This exercise calls for the line with "KIRIBATI 2011 : Independence Day 12th July", the line with "990: Paseo marítimo", and all lines between them in the material below, output exactly and with no other lines.

## The data
────

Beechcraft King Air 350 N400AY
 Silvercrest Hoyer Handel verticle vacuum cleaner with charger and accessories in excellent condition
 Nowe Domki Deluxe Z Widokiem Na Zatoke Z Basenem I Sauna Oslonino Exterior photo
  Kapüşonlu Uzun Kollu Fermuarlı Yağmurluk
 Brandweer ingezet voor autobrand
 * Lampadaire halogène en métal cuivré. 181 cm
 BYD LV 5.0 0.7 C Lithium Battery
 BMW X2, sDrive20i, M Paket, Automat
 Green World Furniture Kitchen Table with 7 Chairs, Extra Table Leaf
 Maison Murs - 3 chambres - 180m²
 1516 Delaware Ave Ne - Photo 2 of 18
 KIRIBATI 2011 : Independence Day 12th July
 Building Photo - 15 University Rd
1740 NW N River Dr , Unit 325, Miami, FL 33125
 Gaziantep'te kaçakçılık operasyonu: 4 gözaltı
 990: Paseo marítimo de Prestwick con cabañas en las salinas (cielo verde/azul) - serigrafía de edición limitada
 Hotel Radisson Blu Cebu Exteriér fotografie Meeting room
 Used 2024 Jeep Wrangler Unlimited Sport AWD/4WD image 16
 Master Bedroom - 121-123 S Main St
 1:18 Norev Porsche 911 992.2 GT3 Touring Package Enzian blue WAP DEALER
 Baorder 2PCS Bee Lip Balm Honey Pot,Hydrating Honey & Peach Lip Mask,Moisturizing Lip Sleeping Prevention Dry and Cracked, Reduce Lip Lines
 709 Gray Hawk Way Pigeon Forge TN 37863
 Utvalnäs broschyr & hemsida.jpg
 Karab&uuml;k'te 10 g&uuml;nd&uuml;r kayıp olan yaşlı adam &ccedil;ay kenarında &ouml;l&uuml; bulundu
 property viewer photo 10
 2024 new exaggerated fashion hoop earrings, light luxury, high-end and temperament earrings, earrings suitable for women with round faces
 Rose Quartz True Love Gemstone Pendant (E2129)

────

## Problem solution
 KIRIBATI 2011 : Independence Day 12th July
 Building Photo - 15 University Rd
1740 NW N River Dr , Unit 325, Miami, FL 33125
 Gaziantep'te kaçakçılık operasyonu: 4 gözaltı
 990: Paseo marítimo de Prestwick con cabañas en las salinas (cielo verde/azul) - serigrafía de edición limitada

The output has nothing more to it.